GIVEN RECORDS —

--- --- ---

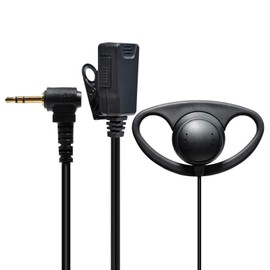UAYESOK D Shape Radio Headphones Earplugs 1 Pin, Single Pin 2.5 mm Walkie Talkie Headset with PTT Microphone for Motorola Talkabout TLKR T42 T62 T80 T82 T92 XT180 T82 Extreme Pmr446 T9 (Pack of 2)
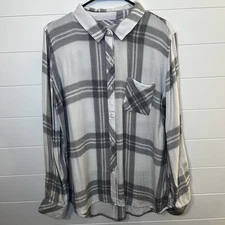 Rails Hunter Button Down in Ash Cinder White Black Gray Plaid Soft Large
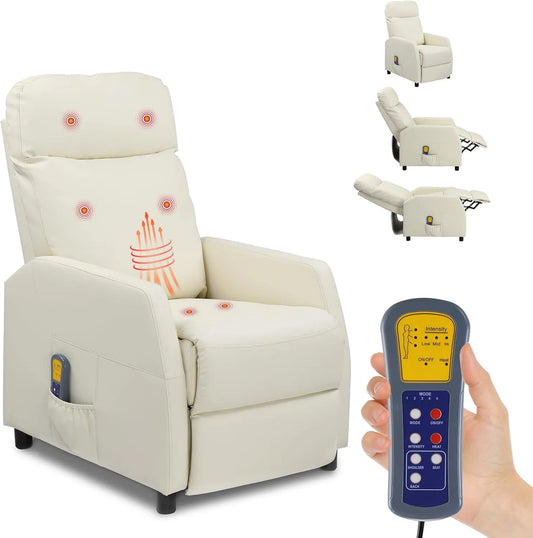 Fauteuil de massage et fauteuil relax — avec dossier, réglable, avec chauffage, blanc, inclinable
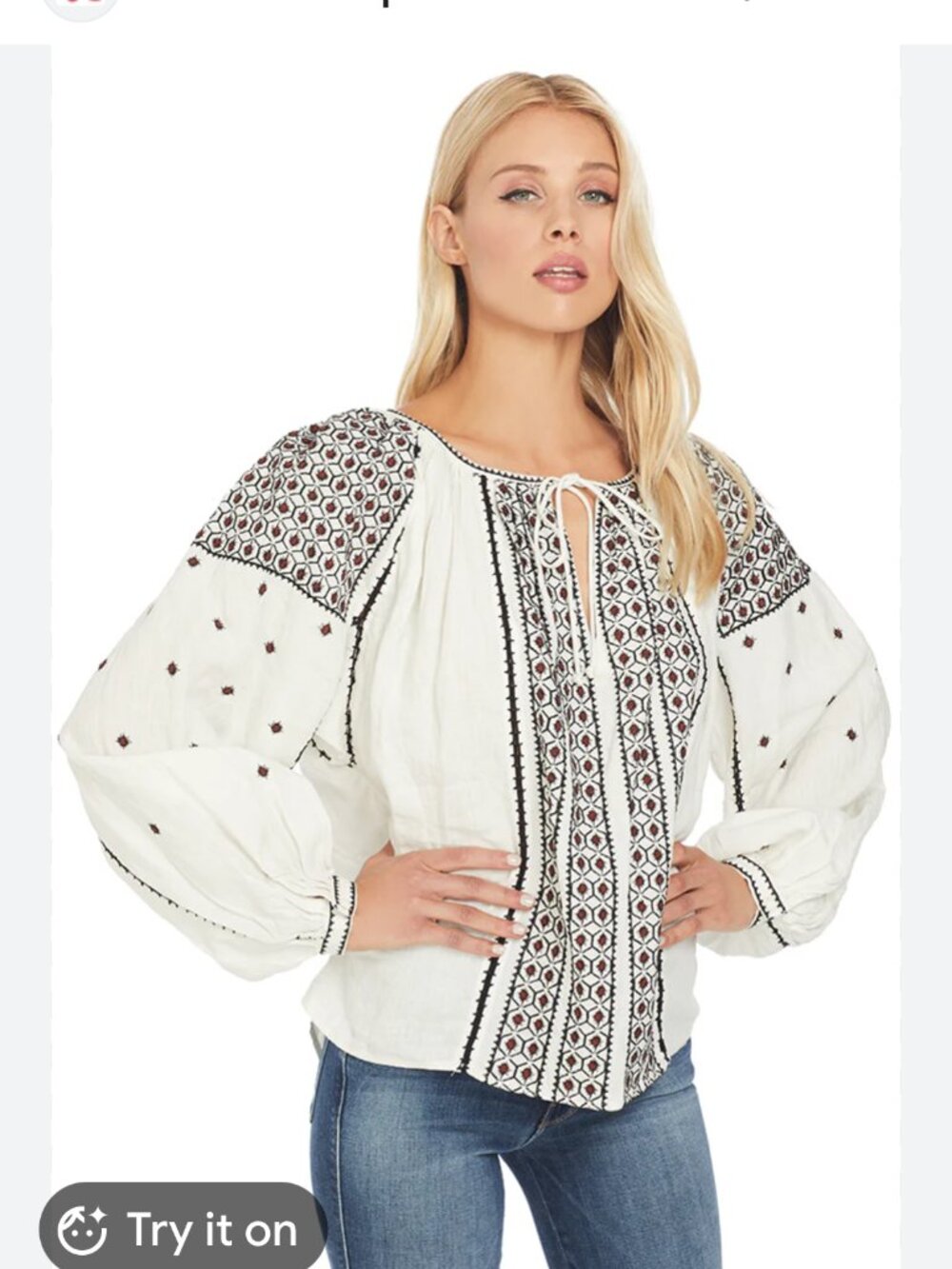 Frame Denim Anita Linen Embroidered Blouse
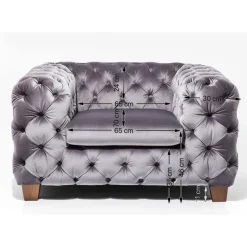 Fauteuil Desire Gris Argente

--- --- ---

YOUR OBJECTIVE — Leave the pictures out and output exactly the lines above, from the start of the listing through the line with "Frame Denim Anita Linen Embroidered Blouse".

WRITTEN REPLY —
UAYESOK D Shape Radio Headphones Earplugs 1 Pin, Single Pin 2.5 mm Walkie Talkie Headset with PTT Microphone for Motorola Talkabout TLKR T42 T62 T80 T82 T92 XT180 T82 Extreme Pmr446 T9 (Pack of 2)
 Rails Hunter Button Down in Ash Cinder White Black Gray Plaid Soft Large
 Fauteuil de massage et fauteuil relax — avec dossier, réglable, avec chauffage, blanc, inclinable
 Frame Denim Anita Linen Embroidered Blouse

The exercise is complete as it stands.